新劍重鑄之後的第十天,林狂把自己關進了劍堂。他關上門之前跟紅藥說了一句“七天,別讓人進來”。紅藥正端著茶碗從灶房裡出來,她聽完之後點了點頭,把茶碗擱在了劍堂門口的磚臺上,然後轉身走回了灶房。那碗茶在磚臺上擱了三天——第西天早上紅藥來換了一碗新的,把舊碗端走的時候舊碗裡的茶水己經涼透了,茉莉花瓣在碗底沉成了一小團被水泡得發白的暗影。

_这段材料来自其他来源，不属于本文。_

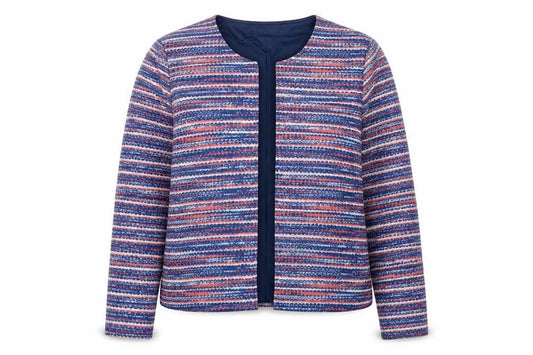 Anne De Lancay Womens Blue Geometric  Jacket  Size S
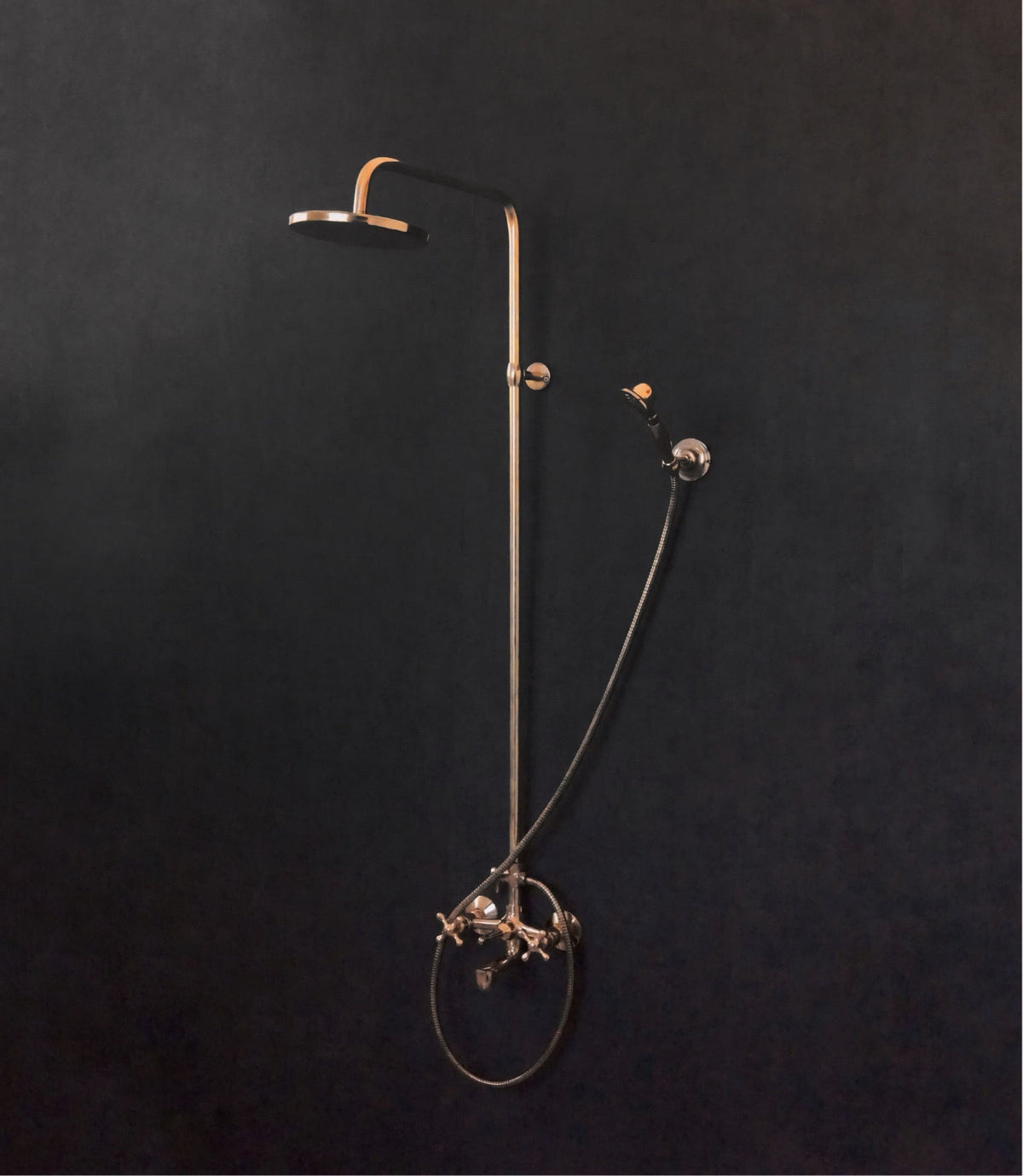 Handcrafted Solid Brass Shower System with Tub Filler - BRASSDORIA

劍堂的門關著,窗也關著。門縫和窗縫裡透進來的日光在劍堂內部的青磚地面上鋪成了一道道窄窄的光帶,把整間屋子的暗影切成了明暗交錯的條狀。林狂坐在蒲團上,那把新鑄的暗銀色劍橫放在他面前的矮桌上,跟那根光滑的玄鐵條並排放著。七天的閉關他幾乎沒有動——大部分時間他都坐著一動不動,偶爾伸手去碰一下劍或者鐵條,碰完了又把收回來擱在膝蓋上。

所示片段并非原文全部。